What is needed is the whole of the data, set down exactly.
Start of Provided material
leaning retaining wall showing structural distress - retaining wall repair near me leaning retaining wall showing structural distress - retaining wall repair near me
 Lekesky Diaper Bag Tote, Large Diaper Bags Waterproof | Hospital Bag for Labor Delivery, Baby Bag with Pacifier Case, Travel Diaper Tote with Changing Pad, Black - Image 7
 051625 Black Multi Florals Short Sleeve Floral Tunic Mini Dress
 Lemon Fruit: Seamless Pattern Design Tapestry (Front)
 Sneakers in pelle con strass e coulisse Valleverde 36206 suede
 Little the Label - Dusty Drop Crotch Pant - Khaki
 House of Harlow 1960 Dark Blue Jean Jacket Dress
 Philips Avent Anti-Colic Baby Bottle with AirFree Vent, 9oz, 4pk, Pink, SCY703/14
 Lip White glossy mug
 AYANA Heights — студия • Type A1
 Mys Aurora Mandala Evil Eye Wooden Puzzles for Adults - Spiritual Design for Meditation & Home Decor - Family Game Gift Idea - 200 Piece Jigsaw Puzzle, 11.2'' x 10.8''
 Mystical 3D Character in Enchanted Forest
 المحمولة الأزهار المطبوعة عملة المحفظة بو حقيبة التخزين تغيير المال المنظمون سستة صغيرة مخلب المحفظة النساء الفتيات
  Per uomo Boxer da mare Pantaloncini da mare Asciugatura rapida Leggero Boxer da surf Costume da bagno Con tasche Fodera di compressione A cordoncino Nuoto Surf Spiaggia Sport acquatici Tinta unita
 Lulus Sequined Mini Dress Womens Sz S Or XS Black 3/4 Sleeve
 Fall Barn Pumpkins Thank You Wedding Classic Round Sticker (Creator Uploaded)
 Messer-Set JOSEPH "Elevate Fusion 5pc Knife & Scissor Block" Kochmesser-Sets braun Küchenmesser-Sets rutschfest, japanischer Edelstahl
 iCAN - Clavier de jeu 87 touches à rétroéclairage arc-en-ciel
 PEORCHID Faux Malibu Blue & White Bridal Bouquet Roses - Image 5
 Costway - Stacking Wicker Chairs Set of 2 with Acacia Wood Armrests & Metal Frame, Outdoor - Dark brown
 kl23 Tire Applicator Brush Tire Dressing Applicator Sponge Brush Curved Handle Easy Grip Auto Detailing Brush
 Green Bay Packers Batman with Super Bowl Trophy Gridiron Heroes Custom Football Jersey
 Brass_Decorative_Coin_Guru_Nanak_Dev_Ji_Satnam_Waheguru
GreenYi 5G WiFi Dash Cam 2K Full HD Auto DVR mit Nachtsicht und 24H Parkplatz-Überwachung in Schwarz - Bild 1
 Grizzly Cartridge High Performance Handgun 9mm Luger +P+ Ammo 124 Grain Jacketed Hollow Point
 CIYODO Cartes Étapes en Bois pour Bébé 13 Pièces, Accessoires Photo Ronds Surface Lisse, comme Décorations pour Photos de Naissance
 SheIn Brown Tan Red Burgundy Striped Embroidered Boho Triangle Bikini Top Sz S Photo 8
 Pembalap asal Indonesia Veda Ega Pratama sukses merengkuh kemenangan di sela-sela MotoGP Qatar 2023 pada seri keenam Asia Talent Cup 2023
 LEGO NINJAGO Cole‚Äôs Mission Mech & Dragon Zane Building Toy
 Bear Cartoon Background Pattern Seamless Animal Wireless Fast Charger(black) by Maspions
End of Provided material
Reply:
leaning retaining wall showing structural distress - retaining wall repair near me leaning retaining wall showing structural distress - retaining wall repair near me
 Lekesky Diaper Bag Tote, Large Diaper Bags Waterproof | Hospital Bag for Labor Delivery, Baby Bag with Pacifier Case, Travel Diaper Tote with Changing Pad, Black - Image 7
 051625 Black Multi Florals Short Sleeve Floral Tunic Mini Dress
 Lemon Fruit: Seamless Pattern Design Tapestry (Front)
 Sneakers in pelle con strass e coulisse Valleverde 36206 suede
 Little the Label - Dusty Drop Crotch Pant - Khaki
 House of Harlow 1960 Dark Blue Jean Jacket Dress
 Philips Avent Anti-Colic Baby Bottle with AirFree Vent, 9oz, 4pk, Pink, SCY703/14
 Lip White glossy mug
 AYANA Heights — студия • Type A1
 Mys Aurora Mandala Evil Eye Wooden Puzzles for Adults - Spiritual Design for Meditation & Home Decor - Family Game Gift Idea - 200 Piece Jigsaw Puzzle, 11.2'' x 10.8''
 Mystical 3D Character in Enchanted Forest
 المحمولة الأزهار المطبوعة عملة المحفظة بو حقيبة التخزين تغيير المال المنظمون سستة صغيرة مخلب المحفظة النساء الفتيات
  Per uomo Boxer da mare Pantaloncini da mare Asciugatura rapida Leggero Boxer da surf Costume da bagno Con tasche Fodera di compressione A cordoncino Nuoto Surf Spiaggia Sport acquatici Tinta unita
 Lulus Sequined Mini Dress Womens Sz S Or XS Black 3/4 Sleeve
 Fall Barn Pumpkins Thank You Wedding Classic Round Sticker (Creator Uploaded)
 Messer-Set JOSEPH "Elevate Fusion 5pc Knife & Scissor Block" Kochmesser-Sets braun Küchenmesser-Sets rutschfest, japanischer Edelstahl
 iCAN - Clavier de jeu 87 touches à rétroéclairage arc-en-ciel
 PEORCHID Faux Malibu Blue & White Bridal Bouquet Roses - Image 5
 Costway - Stacking Wicker Chairs Set of 2 with Acacia Wood Armrests & Metal Frame, Outdoor - Dark brown
 kl23 Tire Applicator Brush Tire Dressing Applicator Sponge Brush Curved Handle Easy Grip Auto Detailing Brush
 Green Bay Packers Batman with Super Bowl Trophy Gridiron Heroes Custom Football Jersey
 Brass_Decorative_Coin_Guru_Nanak_Dev_Ji_Satnam_Waheguru
GreenYi 5G WiFi Dash Cam 2K Full HD Auto DVR mit Nachtsicht und 24H Parkplatz-Überwachung in Schwarz - Bild 1
 Grizzly Cartridge High Performance Handgun 9mm Luger +P+ Ammo 124 Grain Jacketed Hollow Point
 CIYODO Cartes Étapes en Bois pour Bébé 13 Pièces, Accessoires Photo Ronds Surface Lisse, comme Décorations pour Photos de Naissance
 SheIn Brown Tan Red Burgundy Striped Embroidered Boho Triangle Bikini Top Sz S Photo 8
 Pembalap asal Indonesia Veda Ega Pratama sukses merengkuh kemenangan di sela-sela MotoGP Qatar 2023 pada seri keenam Asia Talent Cup 2023
 LEGO NINJAGO Cole‚Äôs Mission Mech & Dragon Zane Building Toy
 Bear Cartoon Background Pattern Seamless Animal Wireless Fast Charger(black) by Maspions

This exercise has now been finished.